Your output should be the lines below from the one holding "BMW X5 X5 (G05) xDrive 45e M 스포츠 이미지 7" through the one holding "graze tables —", transcribed exactly, with no pictures.

[SUPPLIED RECORDS]

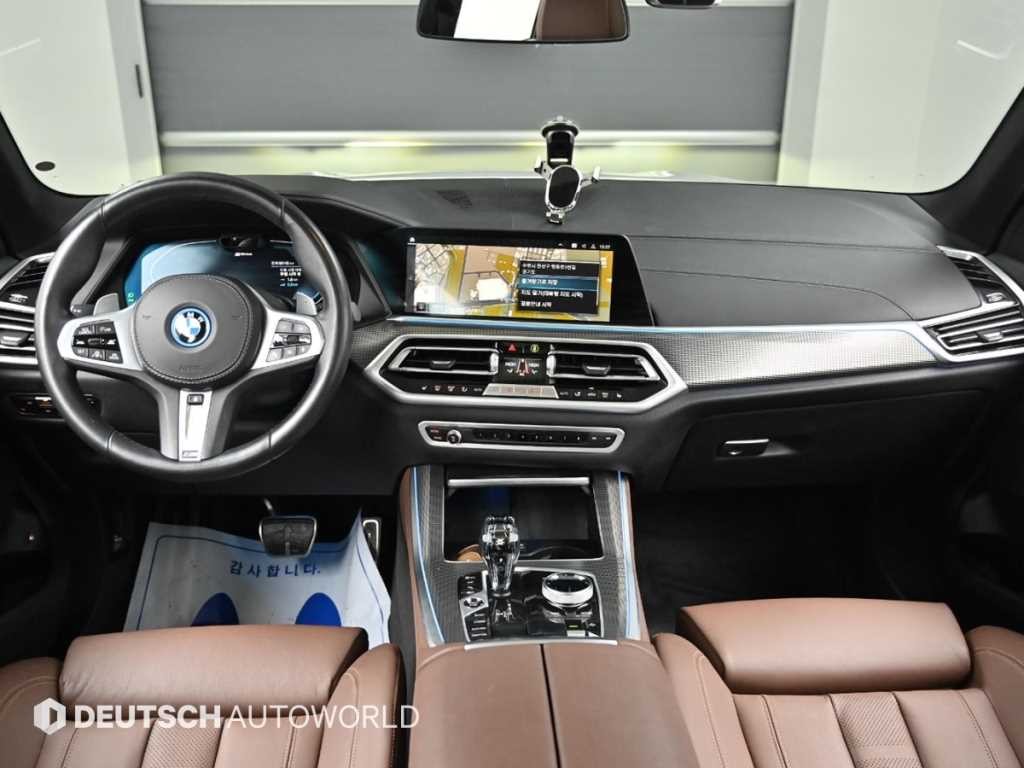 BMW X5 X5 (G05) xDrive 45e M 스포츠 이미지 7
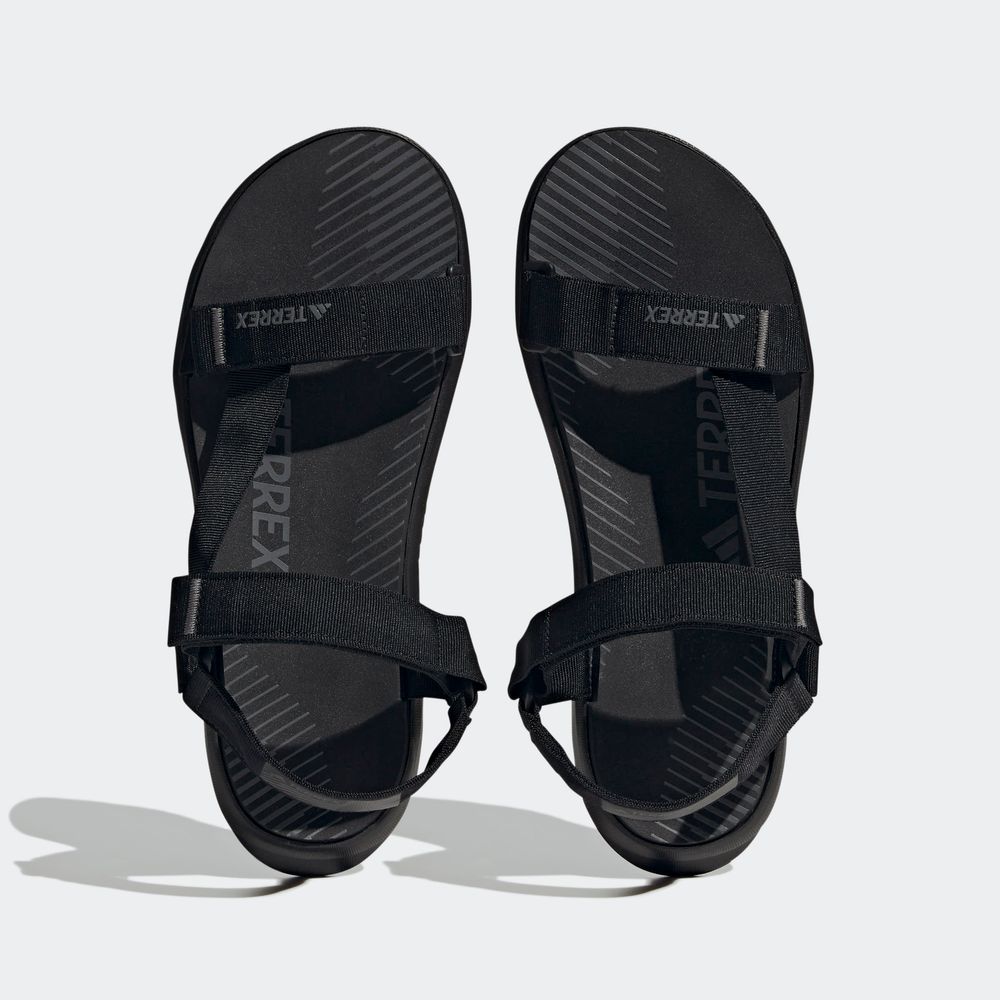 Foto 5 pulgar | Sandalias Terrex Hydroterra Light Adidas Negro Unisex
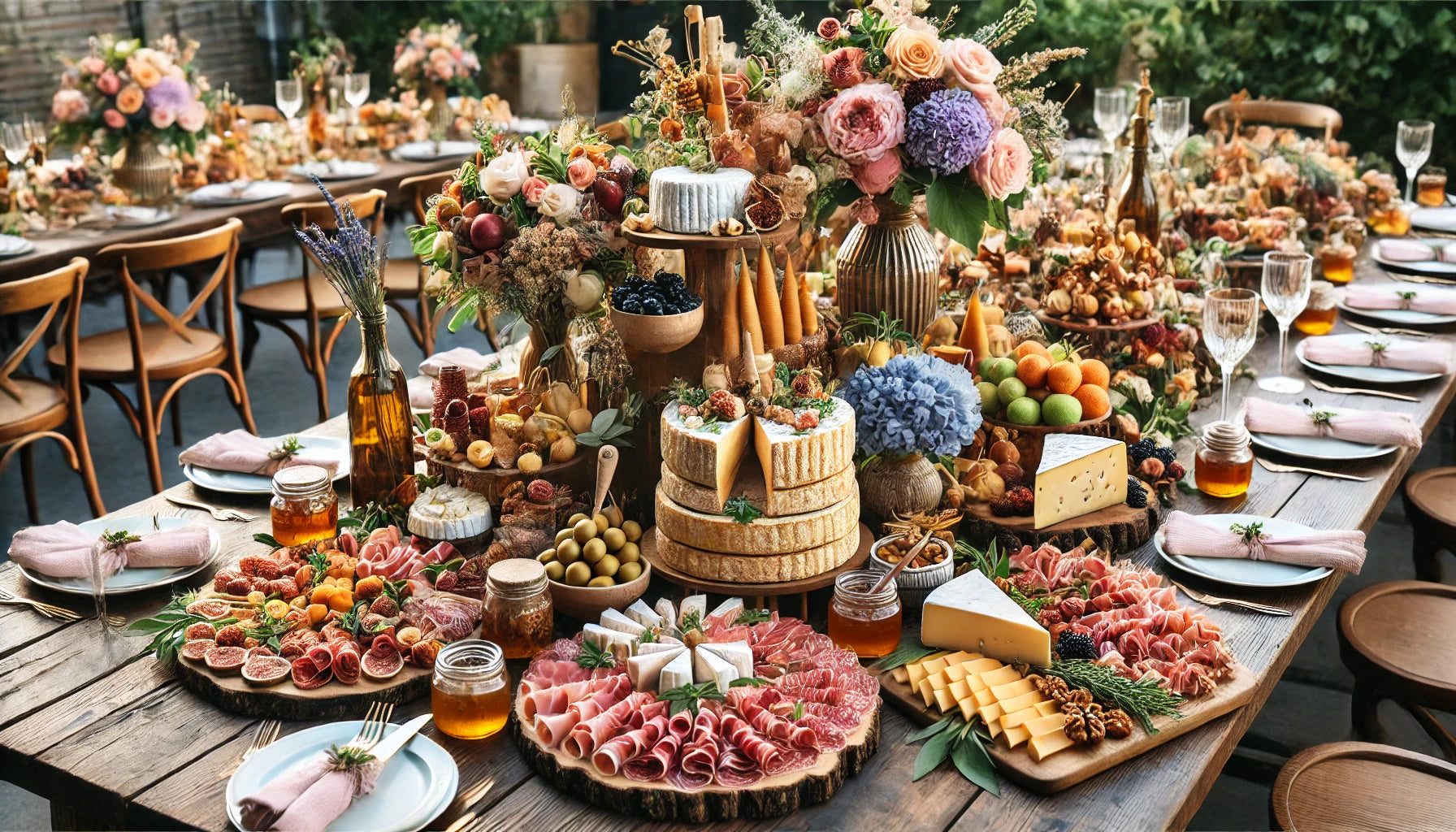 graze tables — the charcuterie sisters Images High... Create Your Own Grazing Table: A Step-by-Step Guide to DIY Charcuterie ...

[/SUPPLIED RECORDS]
[SUPPLIED RECORDS]

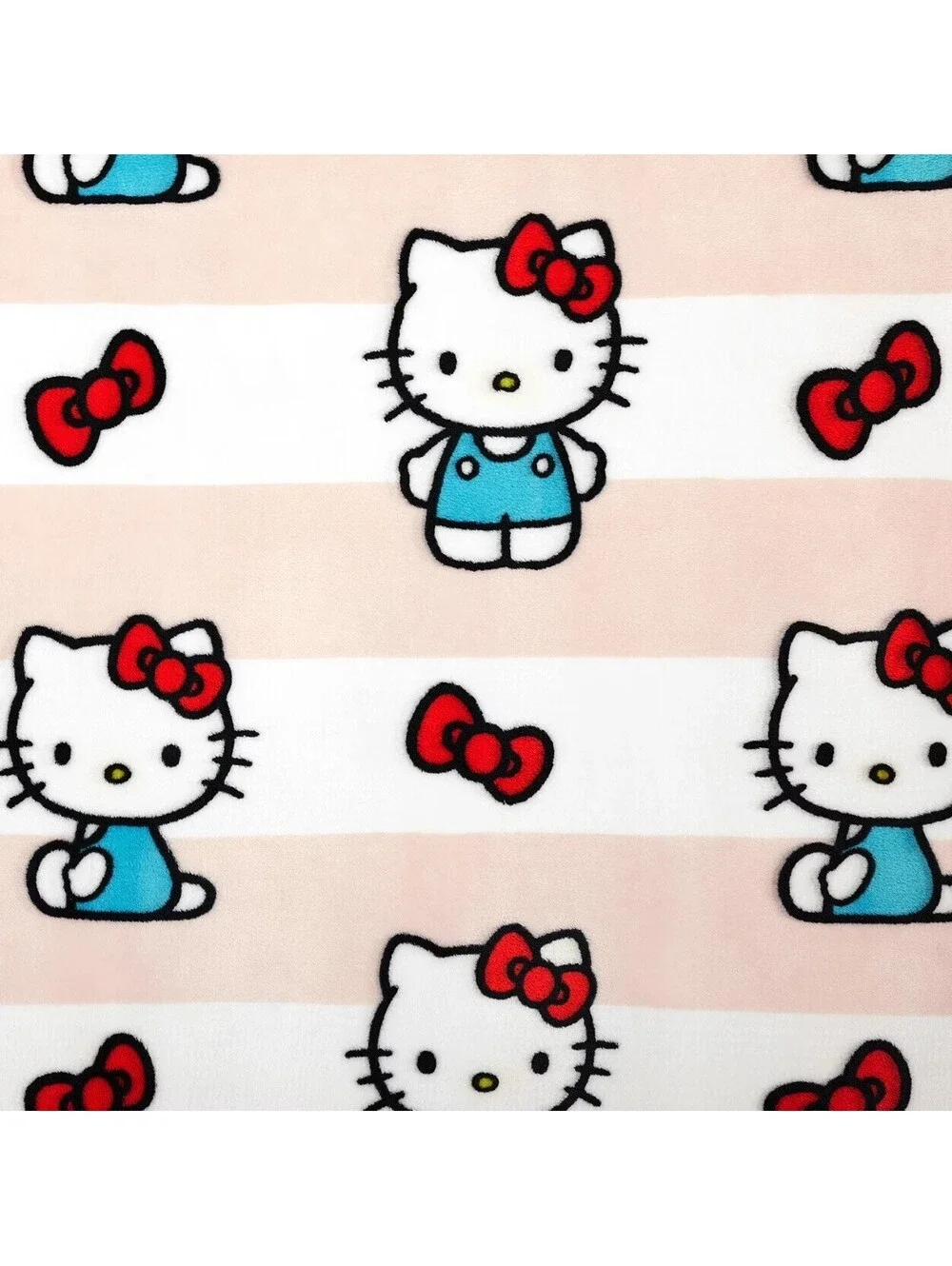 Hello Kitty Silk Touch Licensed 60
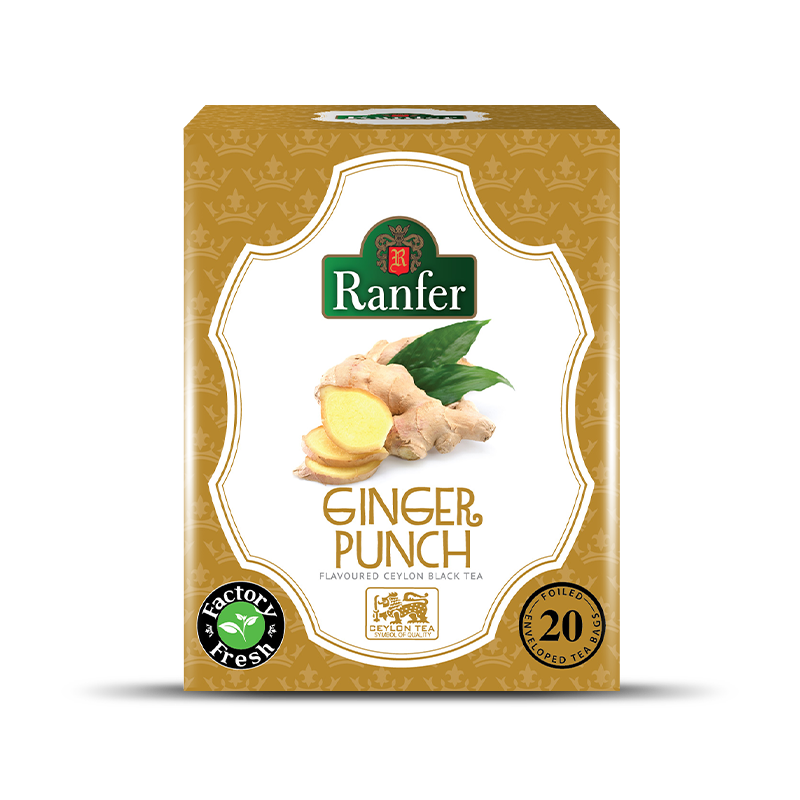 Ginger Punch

[/SUPPLIED RECORDS]
[SUPPLIED RECORDS]

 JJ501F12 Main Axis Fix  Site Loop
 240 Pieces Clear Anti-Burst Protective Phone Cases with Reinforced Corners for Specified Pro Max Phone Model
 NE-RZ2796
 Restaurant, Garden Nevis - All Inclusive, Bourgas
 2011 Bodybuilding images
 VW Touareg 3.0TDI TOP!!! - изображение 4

[/SUPPLIED RECORDS]

[TASK OUTPUT]
 BMW X5 X5 (G05) xDrive 45e M 스포츠 이미지 7
 Foto 5 pulgar | Sandalias Terrex Hydroterra Light Adidas Negro Unisex
 graze tables — the charcuterie sisters Images High... Create Your Own Grazing Table: A Step-by-Step Guide to DIY Charcuterie ...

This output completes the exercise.